Trusia

Miałam napisać, że Trusia jest najinteligentniejszym z naszych kotów, ale chyba wcale tak nie jest. I nie chodzi o to, że samo pisanie o „kociej inteligencji” jest ogromnym nadużyciem. Wynika to z jej podejścia do psów. Trusia przed nimi nie ucieka.

Może to i dobrze, że zwierzę bezsensownie nie panikuje, bo część psów zaczyna gonić koty tylko dlatego, że koty uciekają. Jednak gdy widzę takie akty odwagi myślę o historii ptaka dodo, którą przypomniał Henning Mankell w „Grząskich piaskach”.

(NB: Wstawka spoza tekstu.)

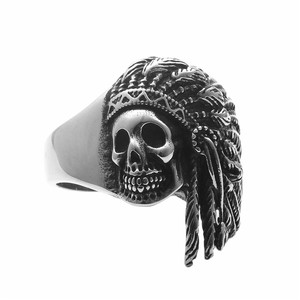 <b>Indian</b> Skull <b>Ring</b> Stainless Steel Men's Punk Jewelry Retro Silver Gift - Product Image 5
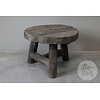Houten Salontafel | Oud Wiel | H46 x D36 cm
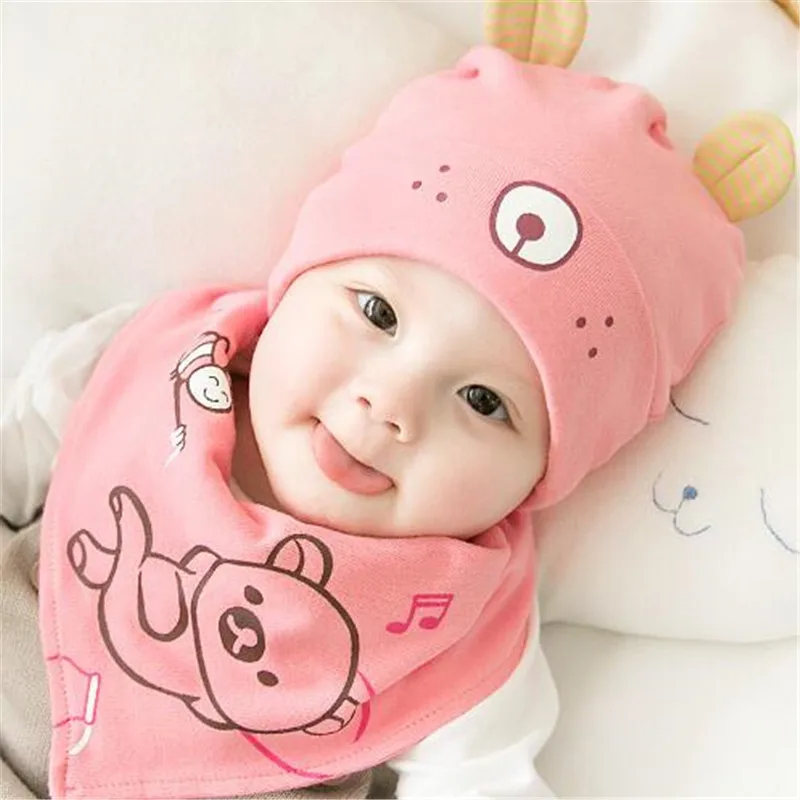 pink bear Детский хлопковый костюм с шапкой и нагрудником Милая Хлопковая шапочка с ушками для маленьких мальчиков и девочек от 0 до 8 месяцев, bebe - Цвет: pink bear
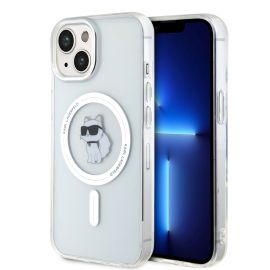 Skaidrus originalus dėklas Karl Lagerfeld IML Choupette MagSafe telefonui Apple iPhone 15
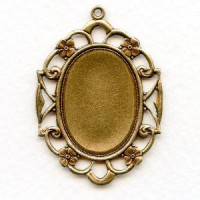 Openwork Floral Setting 25x18mm Oxidized Brass (1)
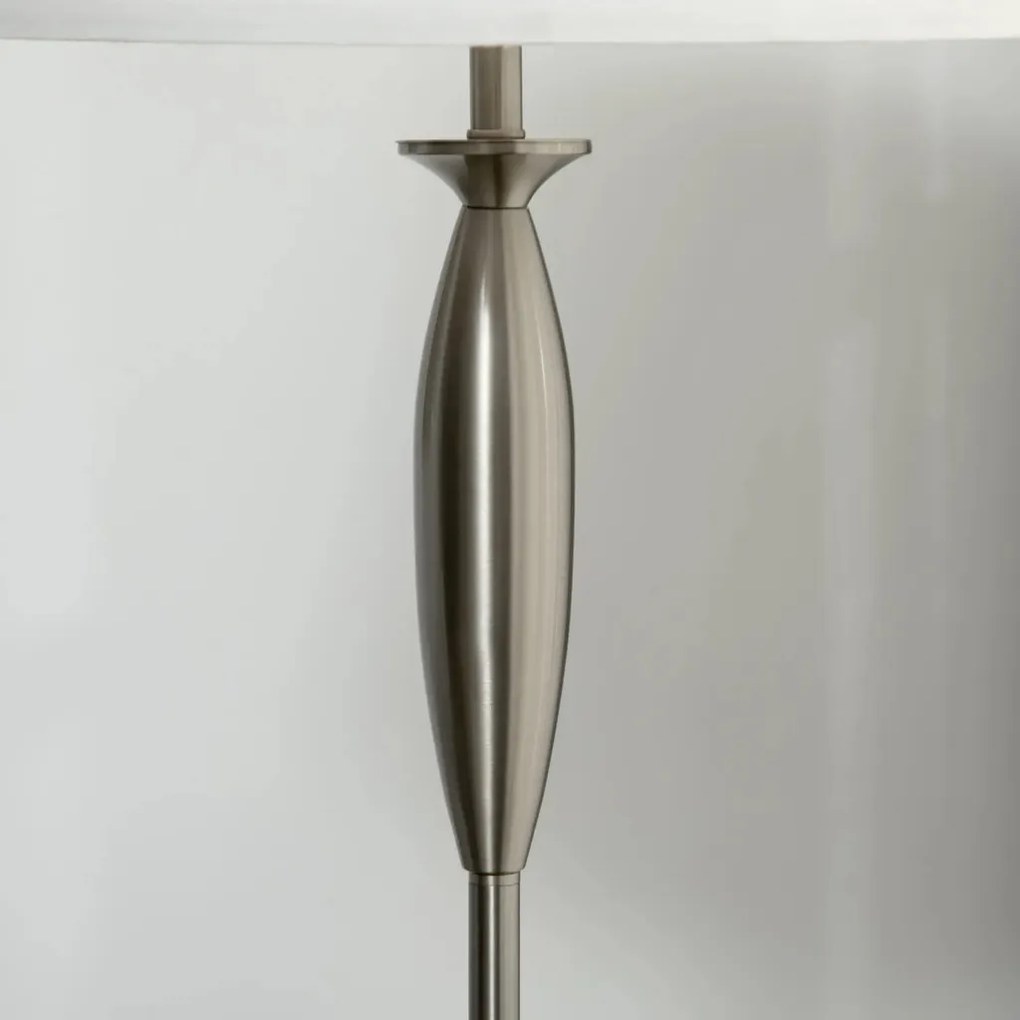 HOMCOM 3 Darabos szett 1 állólámpa, 2 asztali lámpa, vászonhatású 38 x 38 x 158 cm, ezüst-fehér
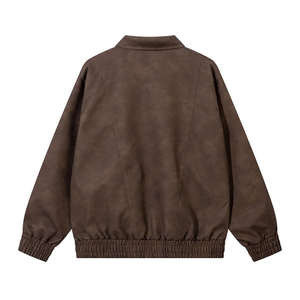 Veste en cuir PU de style Maillard American High Street Retro Trendy Jacket Zipper Lapel Gaufrage Logo Jacket - Product Image 4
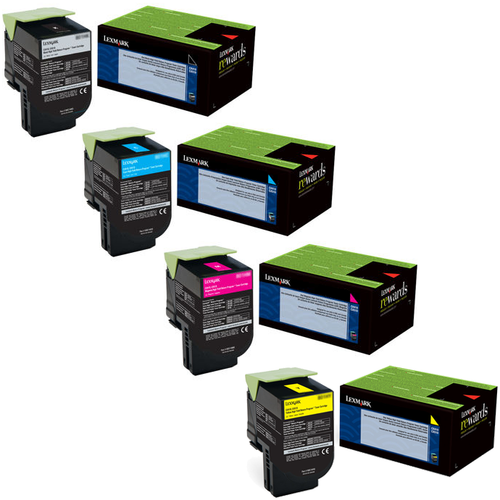 Lexmark 80C0SG Set | 80C0SCG 80C0SKG 80C0SMG 80C0SYG | Original Lexmark High-Yield Toner Cartridges – Black, Cyan, Magenta, Yellow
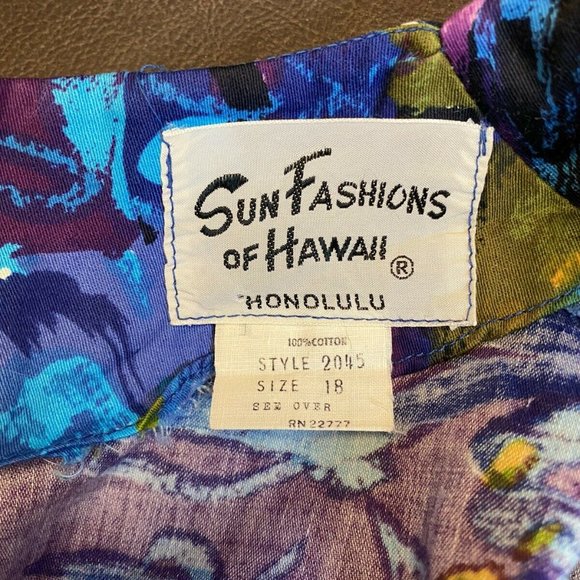 Vtg Hawaii Honolulu Colorful‎ Flutter Sleeve Dress - Picture 4 of 7
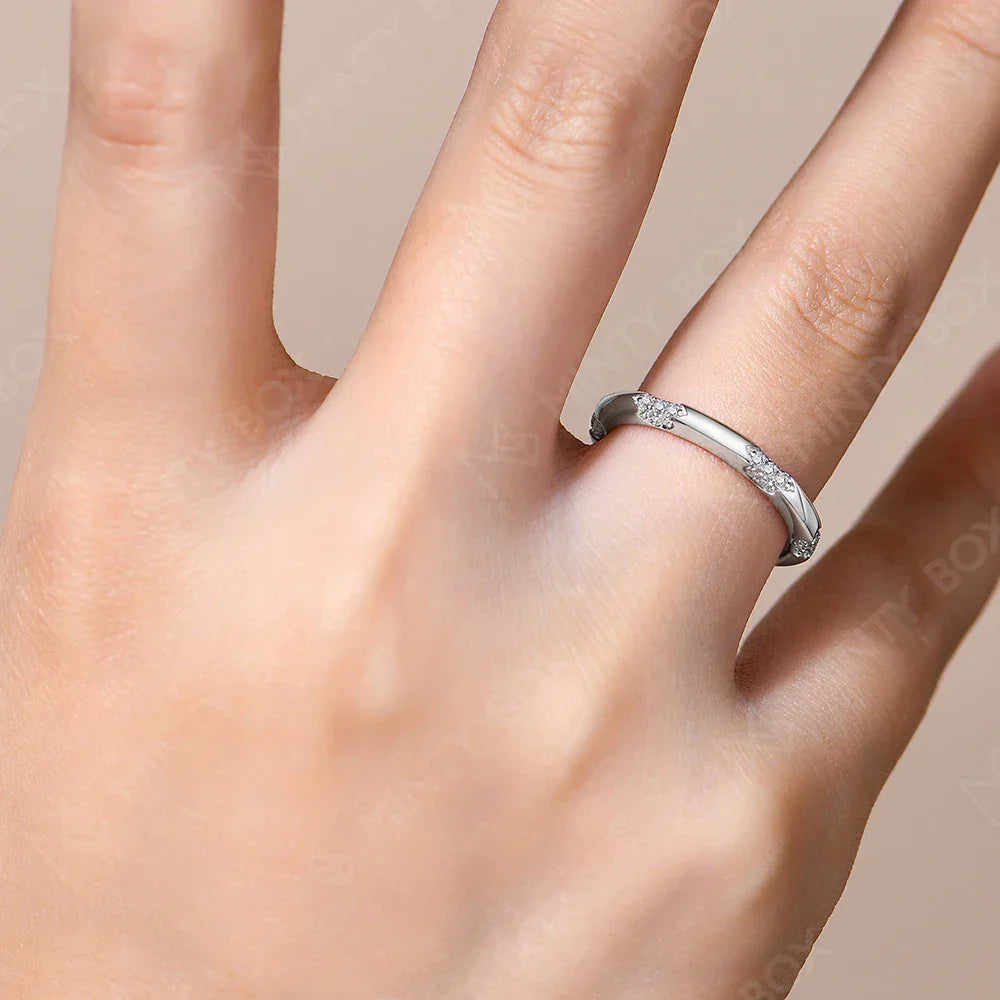 S925 Silver Moissanite Wedding Band Ring for Women - Empire P.E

Gdy Mankell zwiedzał Mauritius, wybrał się do muzeum, w którym można zobaczyć szkielet tego wymarłego ptaka. „Nazwa tego gatunku pochodzi od angielskiego dodo, dodo z kolei wzięło się z portugalskiego doudo, co po prostu oznacza „głupi”. Portugalscy żeglarze, którzy przypłynęli na Mauritius pod koniec XIV wieku, szybko odkryli, że ten nielotny ptak nie boi się człowieka, bo nigdy wcześniej nie zetknął się z tą dziwną istotą. (…) Dodo nie wiedział, czym jest wróg. Dlatego uznano go za głupiego”.

„Dodo były duże i tłuste. Dorosły ptak mógł ważyć ponad dwadzieścia kilogramów. Kiedy więc brakowało jedzenia, marynarze szli w las i przynosili tyle ptaków, ile było potrzeba”. W bardzo krótkim czasie gatunek został całkowicie wytępiony.

Mam nadzieję, że w sytuacji prawdziwego zagrożenia Trusia okaże się jednak bardziej rozsądna.

Mówi się, że trzykolorowe kotki to koci crème de la crème – charakterne, neurotyczne, awanturnicze. Niespecjalnie się z tym zgadzam. Owszem, Trusia bywa postrzelona i nieobliczalna, ale nie bardziej niż pozostałe koty. Wygląda jak prosiak, bryka jak źrebak. Odkąd dotarło do niej, że jedzenie w misce po prostu jest, przestała opychać się na zapas i jest szansa, że trochę schudnie. Bardzo się łasi do nóg, ale nie pozwala na głaskanie.

Trusia nie traci energii na wojny i walki. Widzi zalety bycia towarzyską. Można się świetnie bawić z Nietoperzykiem, można się przytulić w zimie do Burkówny, można siedzieć obojętnie obok Kluski. Trusia nie ucieka przed Rysiem Czeczenem, i na swój sposób, Rysiu się z nią liczy. A mieć Rysia po swojej stronie, to ho ho, proszę państwa, nie byle co. A na pewno dozgonna nienawiść Burka. Tak, Burek bywa dla Trusi naprawdę wredny.

Dodatkowo Burek musi przełknąć fakt, że to trójkolorowy kot jest symbolem stanu Maryland w USA, a Japończycy wierzą, że trikolorki przynoszą szczęście i pieniądze. Ale zdarza się, że kładzie się obok niej, i może jak w „Samych swoich” powtarza: „Jak się na nią tak napatrzę, to ja jej potem tak nienawidzę…”.

Na koniec słowo o trzykolorowym i szylkretowym futrze.

Szylkret wywodzi się od niemieckiego słowa Schildkröte, które oznacza żółwia, a dosłownie „ropuchę z tarczą”. Kolor szylkretowy to mieszanina brązu, czarnego i żółtego. Przecudna uroda pancerzy żółwi szylkretowych (np. Chelone imbricata) spowodowała, że są to gatunki krytycznie zagrożone. Od starożytności używano szylkretu do wyrabiania grzebieni, guzików, oprawek do lusterek, inkrustacji mebli.

Różnica między kotką szylkretową a trójkolorową polega na obecności białego koloru. Trikolor zawiera czarny, rudy i biały. Podobno fachowcy od kotów używają jedynie koloru „szylkret”, na Trusię powiedzą „szylkret z białym”. Na Kluskę pewno też.

Trzykolorowe lub szylkretowe futro oznacza, że jego właścicielką jest prawie zawsze kotka. Kocurki z takim umaszczeniem są olbrzymią rzadkością, na dodatek zwykle są bezpłodne. Ale, jak to w naturze bywa, zdarzają się przypadki trzykolorowych kocurków, które rozmnażają się jak króliki.

Trusia i Klusia, po fachowemu “szylkrety z białym”.